2023年10月01日 | 30年前のシェイクスピア旅
   午後遅くウォリックから帰り、アーデン・ホテルでゆっくりと寛いで夕食を取り、劇場へ出かけた。 
   大劇場の玄関前、ロイヤル・シェイクスピア・シアターと大書された看板の前で、日本の高校生のグループが記念写真スタイルで並んでいる。前で若い男の先生が、前方の低い塀の上に直にカメラを置いて、しまらぬ格好でファインダーを覗いてシャッターを切り、生徒の列に走り込んだ。あまりいいカメラでもないし、塀の一部にレンズが蹴られていて、上手く写っていないと思って、シャッター押しを買って出た。カメラ王国から来た記念写真好きの日本人とは思えないような体たらく、携帯用か簡易三脚を所持すれば済むことである。折角のイギリス旅行の全行程を、こんな馬鹿げた写真撮影を続けたのであろう。この高校生たちが、その後、劇場に入って、ロミオとジュリエットを観たのかどうかは分からない。

   今夜は、エイドリアン・ノーブル演出の「ロミオとジュリエット」である。ノーブルは、現在、RSCの芸術監督で最高の演出家の一人として呼び声が高い。これまで、彼の演出のRSCの舞台で、ヘンリー四世一部二部、冬物語、ハムレット、リア王を観ている。ハムレットを演じたケネス・ブラナー、リア王とファルスタッフを演じたロバート・ステファンスの姿を今でも思い出すが、それに、舞台もシンプルで、客を裏切らず結構古典的なのが好ましい。冬物語は、日本でも観たが、シェイクスピア劇には珍しく、出演者も多く大掛かりであって、カラフルで楽しく、どこかオペラの世界に浸っているような感じがした。

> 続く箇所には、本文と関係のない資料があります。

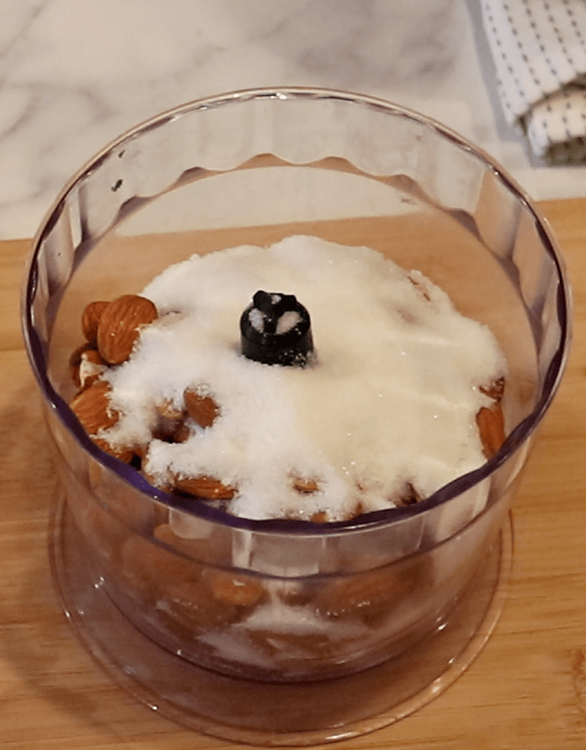 Step 1.1: In a food processor or mixer, pulse the almonds and sugar until the almonds are finely ground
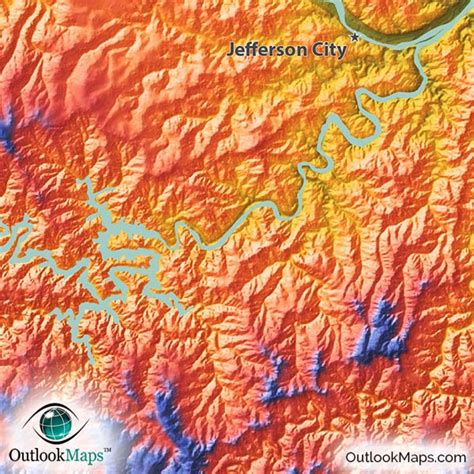 Missouri Colorful Topography Physical Map Of Natural Features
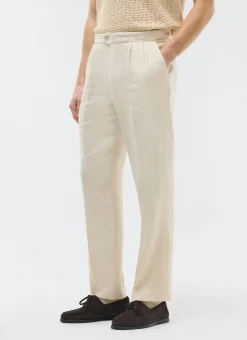 Percival Linen Trousers|Race Day Suits^Pleated Tailored Trousers Cream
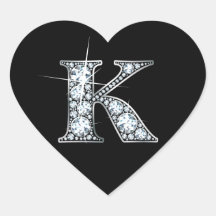 "K" Diamond Bling on Black Heart Sticker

   今回の第一印象は、何故こんなに瑞々しい舞台なのかと言うことであった。これは、タイトル・ロールを演じた二人の若い役者に負うところが大きい。殆ど無名に近い二人の演じたロミオとジュリエットが、あまりも新鮮で初々しかったからだと思う。
   ジュリエット役のルーシー・ホワイトブローは、育ちの良い、良く教育された、可愛い良家の令嬢を、地で行くような演技に徹している。しかし、可愛い無垢な子供を演じながら、時折、しっかりとした大人の女の片鱗を覗かせる。
   第二幕の有名なジュリエットのバルコニーでの独白、「おお、ロミオ、ロミオ! なぜ、あなたは、ロミオなの」。このシェイクスピア劇のたまらない独白の場の役者の歌うような美しい詩形の台詞回し、この場のホワイトブローの演技は秀逸である。何処を見ているのか分からない、しかし、必死の目で中空を見つめながら、語りかけるように切々と思いを独白する。突然、バルコニー下にロミオがいるのに気付くと、一瞬狼狽して怯えるが、瞬時に、喜びの表情を示して、喜々としてロメオに対する。これは、演技ではない演技、したがって、尋常では出来ない素晴しい芝居心の発露である。

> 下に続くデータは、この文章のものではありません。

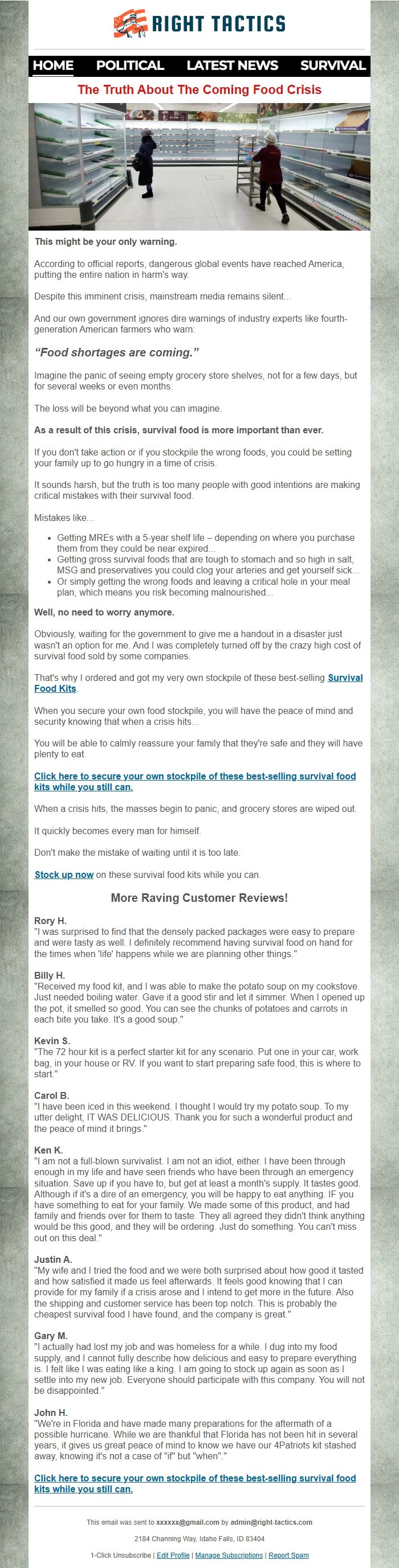 Screenshot of the email generated on import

   ロミオを演じたズビン・ヴァルラは、これも、極めて素直な愛くるしい演技で、アクや嫌みを全く感じさせない。ホワイトブローより少し抑えた理知的な演技をしており、線は細いが安定した役作りが清々しい。マキューショーとティルボルトとの闘いの場で、ジュリエットとの結婚式を終えた所為もあるが、反目する両家の和睦の橋渡しをしようとする心理的に難しいシーンがあるが、その思いと親友のマキューショーを殺害された後の心の変化を実に鮮やかに演じていた。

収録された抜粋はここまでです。